Last Tuesday Girl Develop It and Ladies that UX Durham jointly hosted a fantastic UX Career Panel. Industry professionals, novices and those of us who are intrigued, yet a little intimidated by the world of UX enjoyed an informative discussion led by four very knowledgeable women who are presently doing very exciting work in the in UX space.
The discussion began with each lady introducing herself, explaining her role as a UX professional in her company, how she got there, and what her typical workday looks like.
It was interesting to note that each of these women followed a unique path to their present careers. Susan Tacker started off in journalism and worked as a technical writer for more than a decade before she moved into the UX world. Rachel Daniel and Heather Young both spent time as visual designers. And Wren Lanier is a self-taught web designer. What was evident in all these ladies is their passion for creating better products through the integration of user-centered design.
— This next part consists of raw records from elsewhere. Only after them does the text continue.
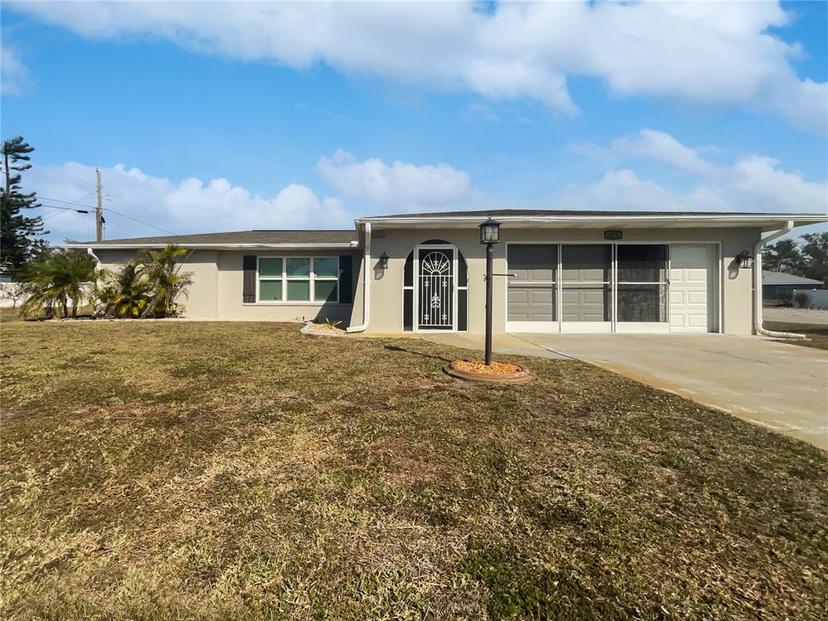 Picture of 272 Algiers Drive, Venice FL 34293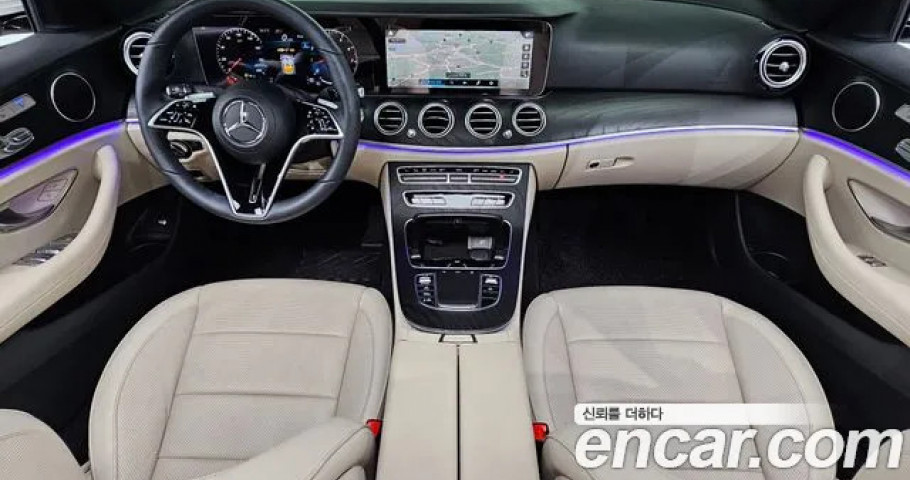 Mercedes-Benz E-Class 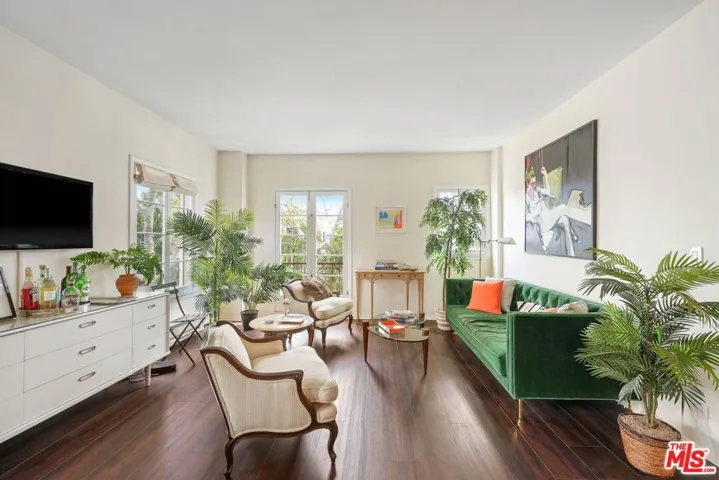 109 N Sycamore Avenue 204, Los Angeles, California 90036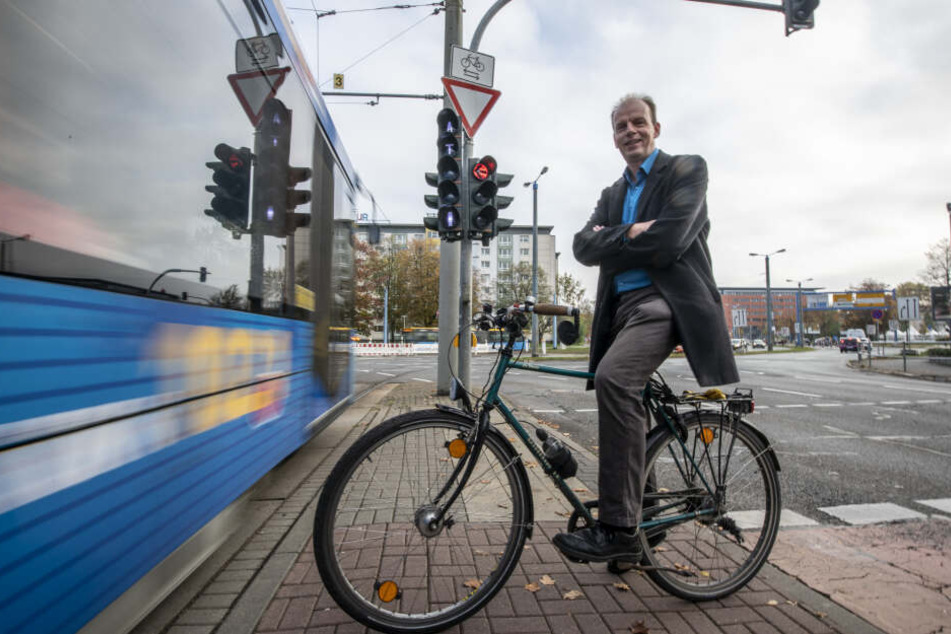 Ralph Sontag (51) vom ADFC sieht Verbesserungsbedarf für Radfahrer am Falkeplatz.
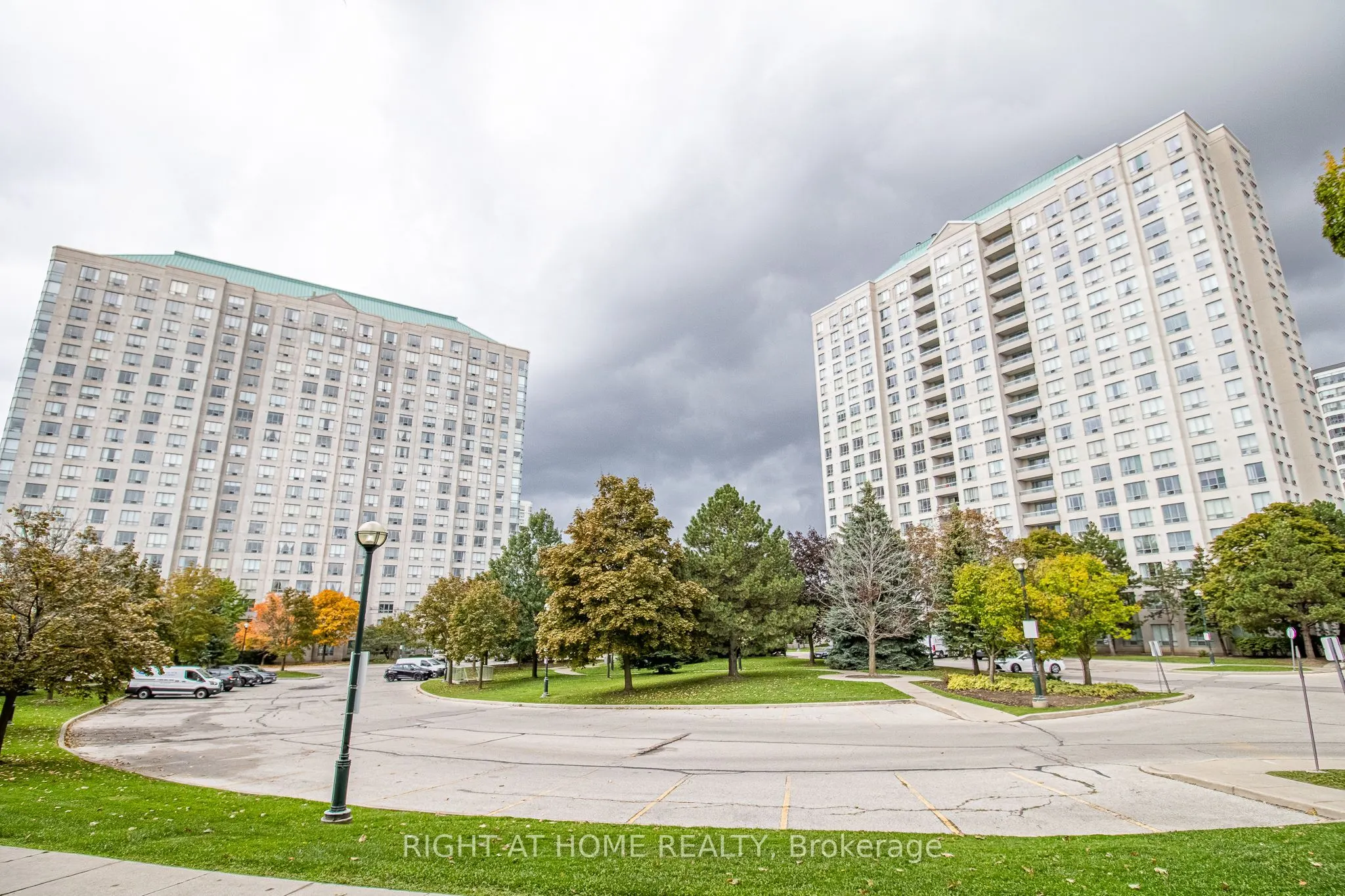 5039 Finch Avenue E, ##309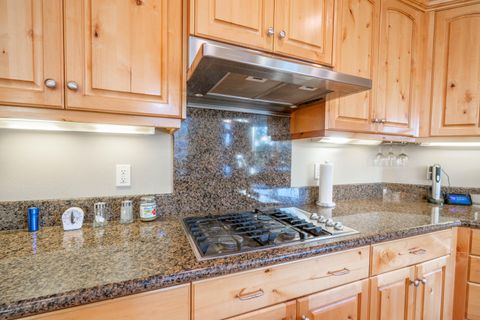 Tiny photo for 3571 SW 36th Place, Redmond, OR 97756 (MLS # 220212982)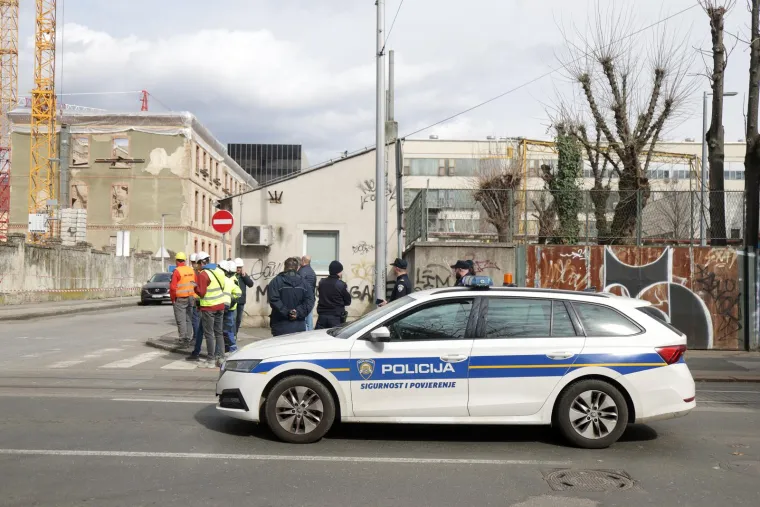 Urušio se dio zgrade u centru Zagreba: Prekinut je tramvajski promet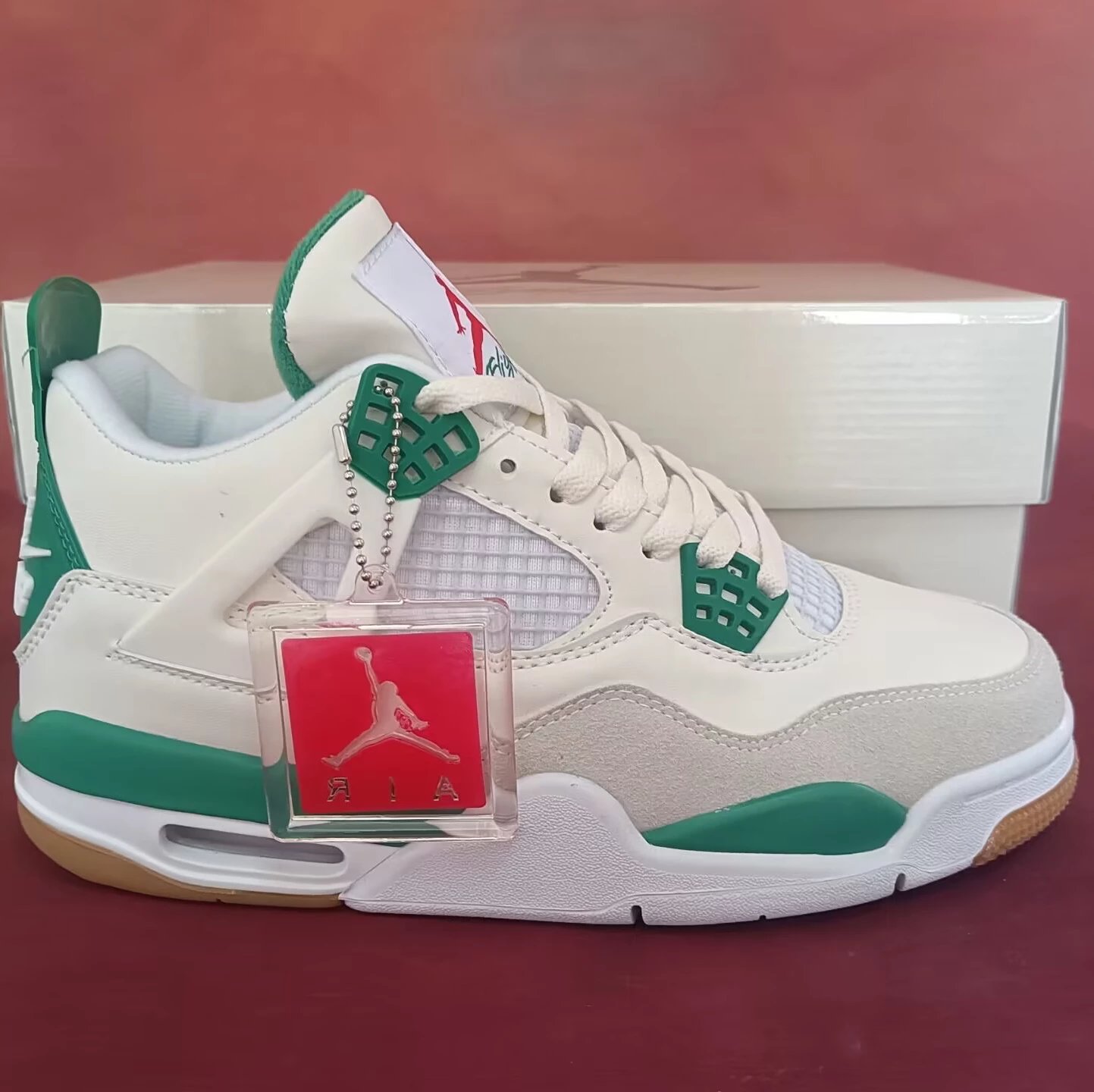 Welfare model AJ4 SB co-branding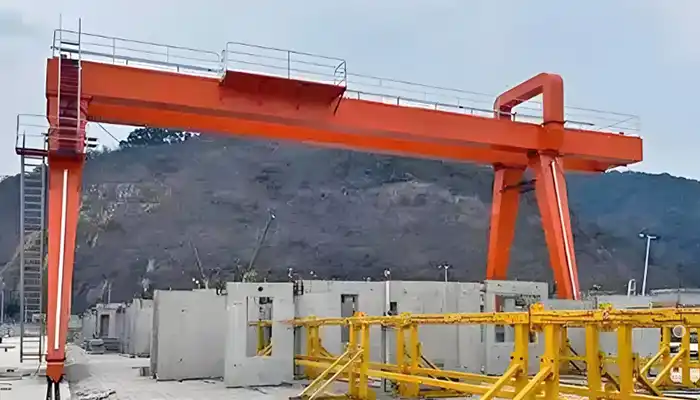 freestanding gantry crane with rail travelling design 
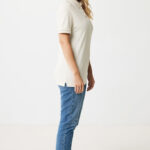 Femme portant polo beige et jean bleu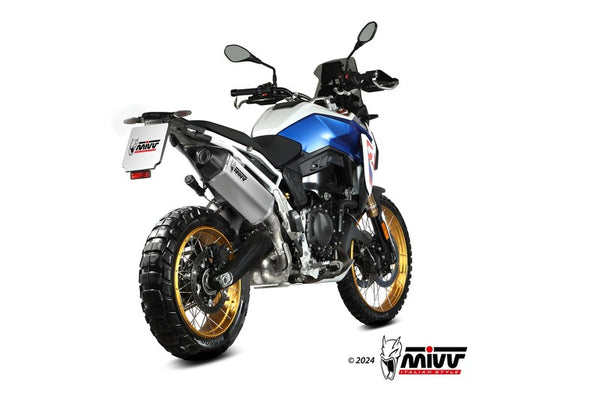 MIVV Speed Edge Silencer B.043.LRX monterad på en äventyrsmotorcykel med grovmönstrade däck och sportig design. Perfekt för reservdelar inom fordonstillbehör.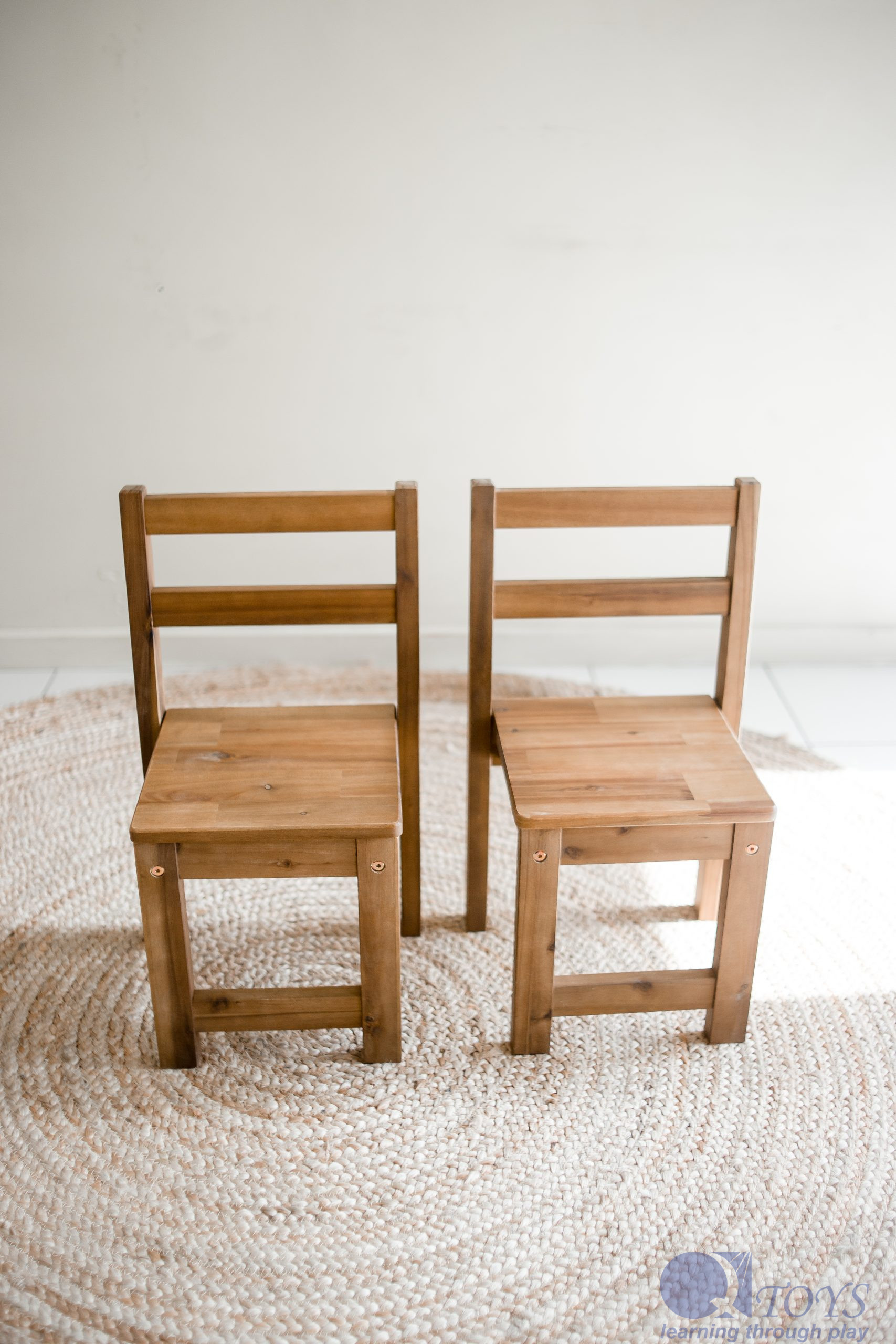Stackable Acacia Standard Chair - Set of 2 Stackable Acacia Standard Chair - Set of 2 -042
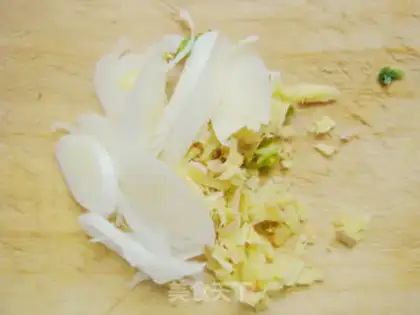 Make Red-fried fish step 1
As Tacker stated, “We make a difference…it’s not user centered design if you’re not talking to users”.
The panel answered audience questions ranging from, agile usability testing, A/B testing and the lean UX process, to figuring out who your usability stakeholders are, what project managers can do to better facilitate the UX testing process and how someone who is interested in a career in UX can get started.
Daniel and Lanier both suggested a proactive and hands-on approach for those who are new to UX. That includes learning about the various disciplines (interaction design, content strategy, information architecture, etc) within UX, understanding how they work together, deciding which role is best for you “what floats your boat” as Daniel put it, and formulating your own UX process.
Lanier suggested participating in a startup weekend. The benefits of which include working on a project that involves real world challenges you can add to your portfolio and showcase to prospective employers.
Young encouraged the audience to follow the thought leaders in the industry via blogs, twitter and other social media platforms.
The panel also lent their insights into the challenges women in technology face. The overriding consensus was, women in technology and especially those in a disruptive field like UX have to learn to find their voice and define who they personally and professionally. Sometimes that means realizing that you have a voice and you can speak up when you feel it is necessary. Daniel even left a company, in part, because the cultural fit just wasn’t there.
Friction is inevitable. But, if you know who you are and understand your process you will be better equipped to, according to Young, “articulate your ideas in a meaningful way…and gain the following and respect of your peers.”
Tacker advised the audience to find other women in their field who can be of support and encouragement. Organizations like Girl Develop It and Ladies that UX are doing a great job in this area.
Finally, the panel commented on their thoughts about the future of UX. Put simply, as companies realize the value of user centered design, UX will continue to branch out into every part of an organization.
There definitely is a place at the table for UX as we steadily move towards the Internet of things. So ladies, grab a seat and let’s get to work!